And I can only read the "previously specified" to refer to the 
equivalence between a NULL pointer and integer 0, because nothing before 
paragraph 6 talks about pointer to integer, so I can't see how it can be 
read as something more specific than all the things mentioned in the 
prebious 6 paragraphs.



  Johnny

--
Johnny Billquist  || "I'm on a bus
  ||  on a psychedelic trip
email: b...@softjar.se ||  Reading murder books
pdp is alive! ||  tryin' to stay hip" - B. Idol


Re: NULL pointer arithmetic issues

2020-02-24 Thread Johnny Billquist

On 2020-02-24 21:18, Mouse wrote:

If we use 0x0, it can be a valid pointer.



If we use NULL, it's not expected to work and will eventually
generate a syntax erro.


Then someone has severely broken compatability with older versions of
C.  0x0 and (when one of the suitable #includes has been done) NULL
have both historically been perfectly good null pointer constants.

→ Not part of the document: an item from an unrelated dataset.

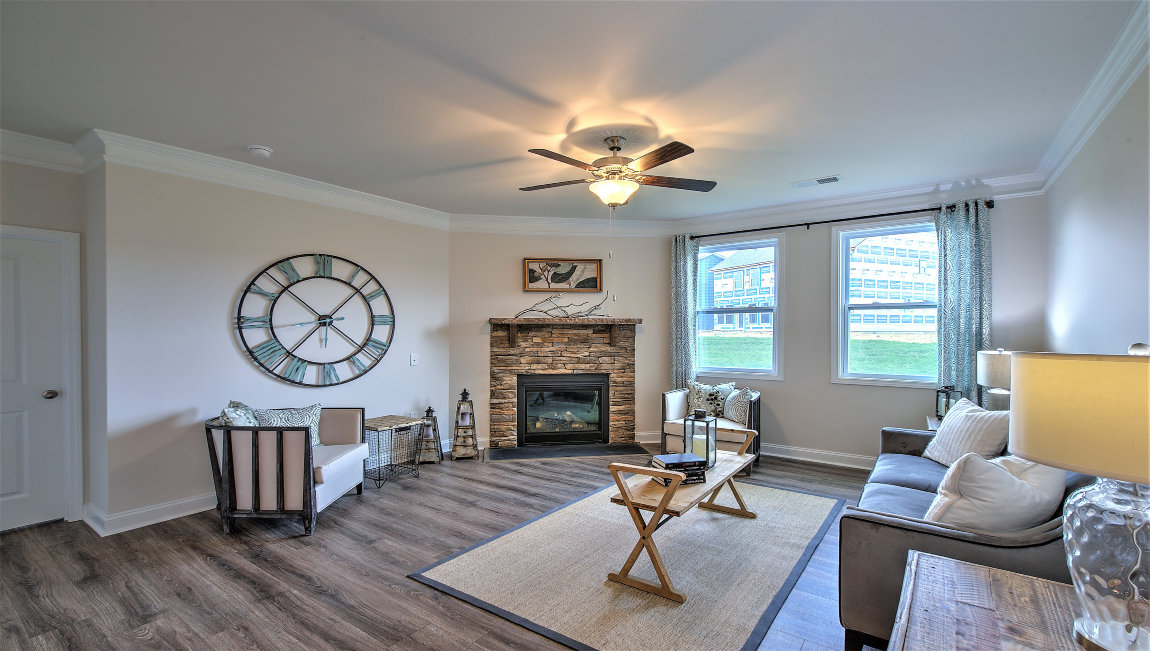 Open living room with fireplace  and two small windows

Also...syntax error?  Really?  _Syntax_ error??  I'd really like to see
what they've done to the grammar to lead to that; I'm having trouble
imagining how that would be done.


Unless I remember wrong, older C standards explicitly say that the 
integer 0 can be converted to a pointer, and that will be the NULL 
pointer, and a NULL pointer cast as an integer shall give the value 0.

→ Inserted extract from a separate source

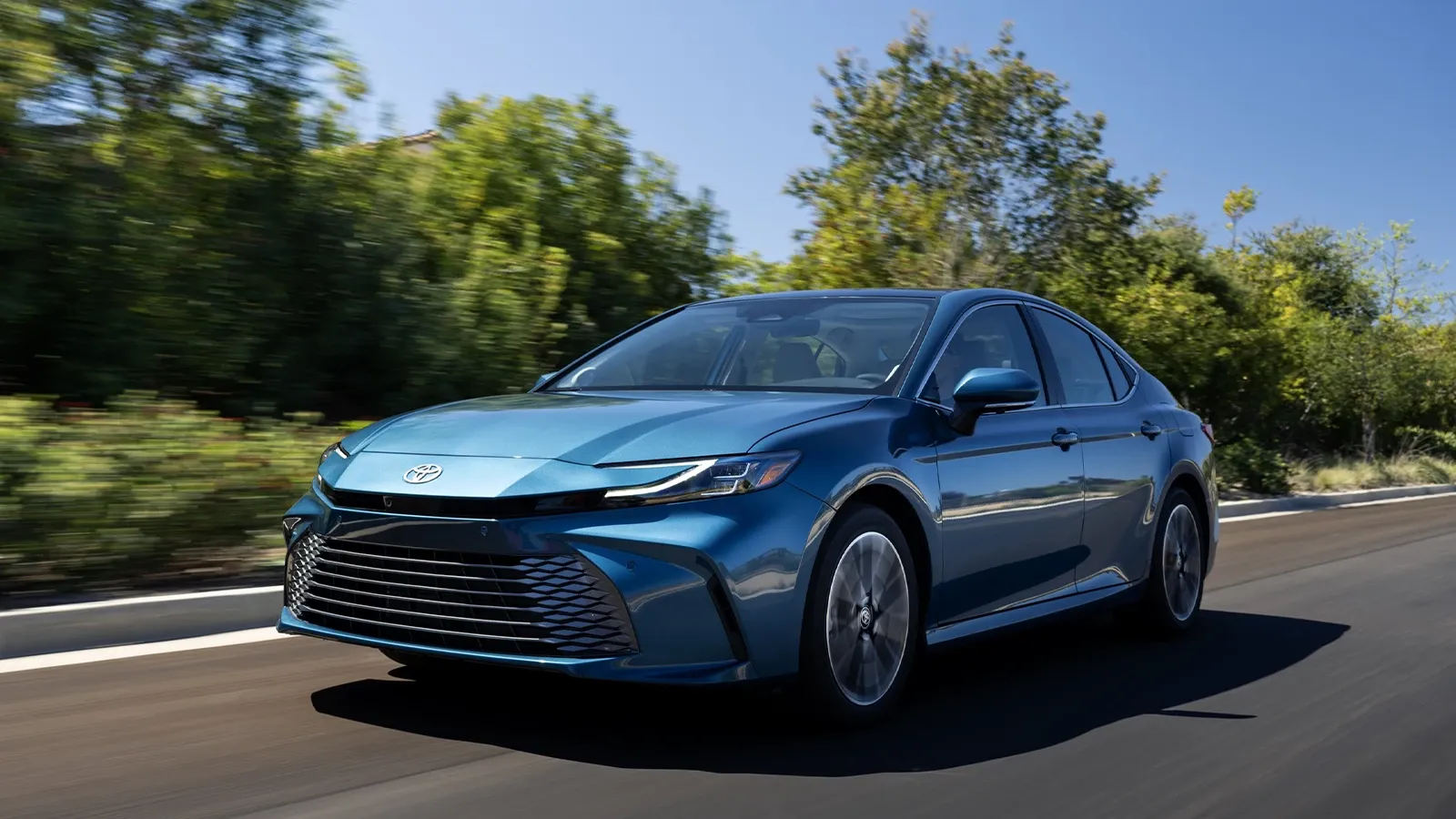 Blue 2025 Toyota Camry Hybrid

This is also used in such things as code traversing linked lists to 
check for the end of the list...


And the C standard also explicitly allows the NULL pointer to not be 
represented by something with all bits cleared. Only that casting 
to/from integers have a very defined behavior.


  Johnny

--
Johnny Billquist  || "I'm on a bus
  ||  on a psychedelic trip
email: b...@softjar.se ||  Reading murder books
pdp is alive! ||  tryin' to stay hip" - B. Idol


Re: NULL pointer arithmetic issues

2020-02-24 Thread Mouse
> Unless I remember wrong, older C standards explicitly say that the
> integer 0 can be converted to a pointer, and that will be the NULL
> pointer, and a NULL pointer cast as an integer shall give the value
> 0.

The only one I have anything close to a copy of is C99, for which I
have a very late draft.

Based on that:

You are not quite correct.  Any integer may be converted to a pointer,
and any pointer may be converted to an integer - but the mapping is
entirely implementation-dependent, except in the integer->pointer
direction when the integer is a "null pointer constant", defined as
"[a]n integer constant expression with the value 0" (or such an
expression cast to void *, though not if we're talking specifically
about integers), in which case "the resulting pointer, called a null
pointer, is guaranteed to compare unequal to a pointer to any object or
function".  You could have meant that, but what you wrote could also be
taken as applying to the _run-time_ integer value 0, which C99's
promise does not apply to.  (Quotes are from 6.3.2.3.)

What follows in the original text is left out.